═══ Given data ═══

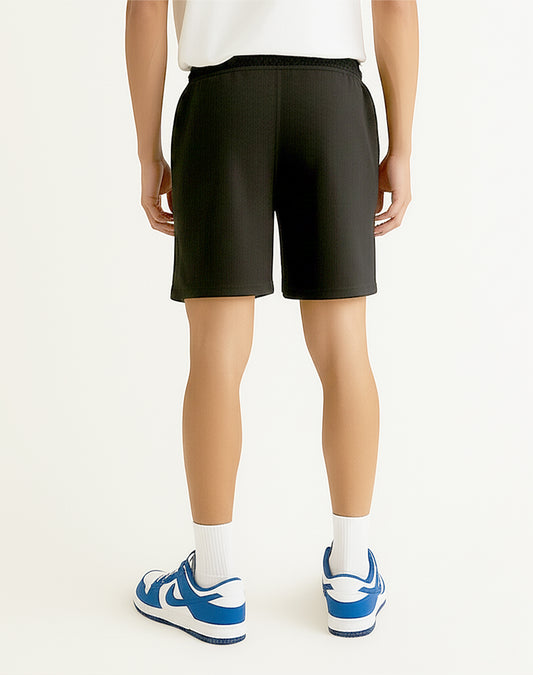 Solid Black Shorts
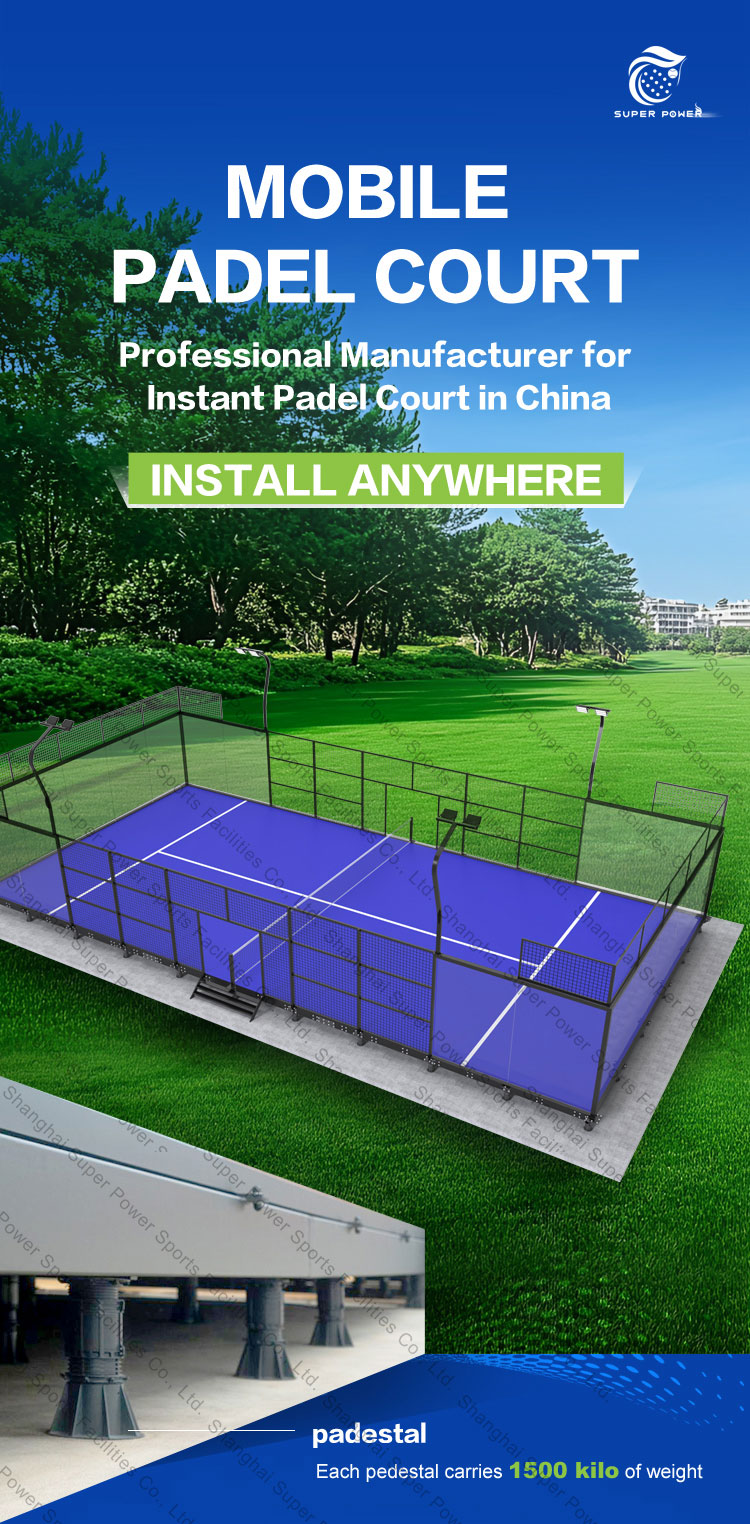 Mobile Padel Court Feature 1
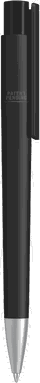 UMA PET PEN PRO recycelter matter Kugelschreiber mit Metallspitze - Schwarz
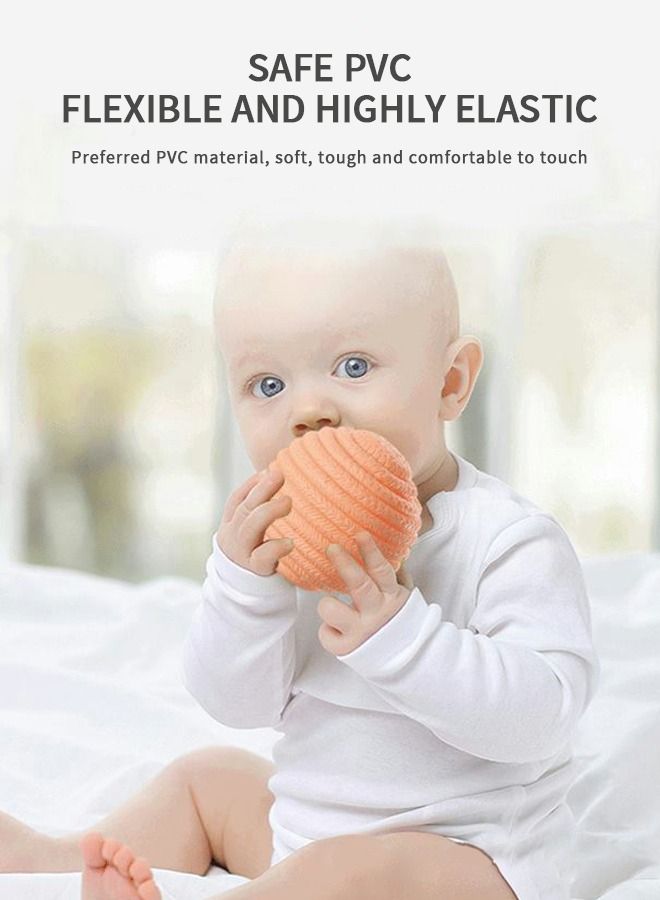 Baby Sensory Ball Set Touch Hand Ball Toy Soft Squeeze Ball, Colorful Squeeze Ball, Water Bath Toy and Stress Relief Ball Set, Textured Hand Ball Sensory Toy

═══

# Task description:
In the copy, omit the pictures and give every line of the data exactly.

# Task result:
 Solid Black Shorts
 Mobile Padel Court Feature 1
 UMA PET PEN PRO recycelter matter Kugelschreiber mit Metallspitze - Schwarz
 Baby Sensory Ball Set Touch Hand Ball Toy Soft Squeeze Ball, Colorful Squeeze Ball, Water Bath Toy and Stress Relief Ball Set, Textured Hand Ball Sensory Toy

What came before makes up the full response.